Especially significant … is a series of statements that accompanied the emergence of a new novel-type in the eighteenth century. The series opens with Fielding's reflections on the novel and its hero in Tom Jones. 2
In perhaps the most important of these 'reflections on the novel'—or, as Fielding himself calls them, 'prolegomenous or introductory chapter[s]' [3] —for example, the one at the beginning of Book 5, Fielding writes this.
Peradventure there may be no parts in this prodigious work which will give the reader less pleasure in the perusing, than those which have given the author the greatest pains in composing. Among these probably may be reckoned those initial essays which we have prefixed to the historical matter contained in every book; and which we have determined to be essentially necessary to this kind of writing, of which we have set ourselves at the head. 4
Bakhtin, again, tells us that
overhead
… the following prerequisites for the novel are characteristic: (1) the novel should not be "poetic," as the word poetic" is used in other genres of imaginative literature; (2) the hero of a novel should not be "heroic" in either the epic or the tragic sense of the word: he should combine in himself negative as well as positive features, low as well as lofty, ridiculous as well as serious; (3) the hero should not be portrayed as an already completed and unchanging person but as one who is evolving and developing, a person who learns from life; (4) the novel should become for the contemporary world what the epic was for the ancient world … 5
With regard to the first of these prerequisites: that 'the novel should not be "poetic",' Fielding himself plays with the notion of the poetic, in his essay at the beginning of the fourth book, where he suggests
That our work, therefore, might be in no danger of being likened to the labours of these historians, we have taken every occasion of interspersing through the whole sundry similes, descriptions, and other kind of poetical embellishments. 6
This, however, is to some extent for the purpose of being ironic; and when Fielding takes up the question of plausibility more seriously, in the longest of his essay chapters, at the beginning of Book 8, he first asserts the need for plausibility.
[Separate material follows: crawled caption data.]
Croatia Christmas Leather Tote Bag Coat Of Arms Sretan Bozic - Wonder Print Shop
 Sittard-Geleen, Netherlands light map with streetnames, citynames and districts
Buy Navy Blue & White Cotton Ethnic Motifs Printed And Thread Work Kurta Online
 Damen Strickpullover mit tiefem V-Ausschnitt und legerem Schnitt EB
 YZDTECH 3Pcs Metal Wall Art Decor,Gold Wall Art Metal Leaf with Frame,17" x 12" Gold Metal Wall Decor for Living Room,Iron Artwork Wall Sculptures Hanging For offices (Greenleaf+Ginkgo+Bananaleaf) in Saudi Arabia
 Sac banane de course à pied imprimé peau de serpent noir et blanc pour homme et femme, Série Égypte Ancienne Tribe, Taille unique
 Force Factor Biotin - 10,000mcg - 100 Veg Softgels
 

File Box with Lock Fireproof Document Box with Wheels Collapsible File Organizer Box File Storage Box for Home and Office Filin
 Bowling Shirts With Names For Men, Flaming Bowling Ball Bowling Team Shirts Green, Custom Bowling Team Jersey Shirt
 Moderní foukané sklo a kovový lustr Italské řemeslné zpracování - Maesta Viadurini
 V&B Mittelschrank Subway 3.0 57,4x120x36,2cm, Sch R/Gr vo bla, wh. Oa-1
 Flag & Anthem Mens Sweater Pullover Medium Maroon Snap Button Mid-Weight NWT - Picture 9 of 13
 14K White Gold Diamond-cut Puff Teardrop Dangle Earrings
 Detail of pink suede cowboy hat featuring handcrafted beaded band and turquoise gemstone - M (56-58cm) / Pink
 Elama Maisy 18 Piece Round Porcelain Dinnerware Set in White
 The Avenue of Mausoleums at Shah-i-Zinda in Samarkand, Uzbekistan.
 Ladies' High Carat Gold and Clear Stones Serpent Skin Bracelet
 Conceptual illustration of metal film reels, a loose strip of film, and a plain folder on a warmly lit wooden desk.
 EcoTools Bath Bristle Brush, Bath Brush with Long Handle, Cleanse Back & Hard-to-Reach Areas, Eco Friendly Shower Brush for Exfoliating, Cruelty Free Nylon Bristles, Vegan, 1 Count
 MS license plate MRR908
First, then, [he writes] I think it may very reasonably be required of every writer, that he keeps within the bounds of possibility; and still remembers that what it is not possible for man to perform, it is scarce possible for man to believe he did perform. 7
He soon, however, adds a second requirement, and in so doing, draws the distinction between the poet (Homer, for example) and the historian (himself).
Nor is possibility alone sufficient to justify us; we must keep likewise within the rules of probability. It is, I think, the opinion of Aristotle; or if not, it is the opinion of some wise man, whose authority will be as weighty when it is as old, "That it is no excuse for a poet who relates what is incredible, that the thing related is really matter of fact." This may perhaps be allowed true with regard to poetry, but it may be thought impracticable to extend it to the historian; for he is obliged to record matters as he finds them, though they may be of so extraordinary a nature as will require no small degree of historical faith to swallow them. 8
But he first proclaims the 'proper study' of the historian, as if recalling the well-known lines of Pope from the Essay on Man, published only sixteen years previously:
Know then thyself, presume not God to scan;
The proper study of Mankind is Man. 9
Fielding's prosaic version goes like this.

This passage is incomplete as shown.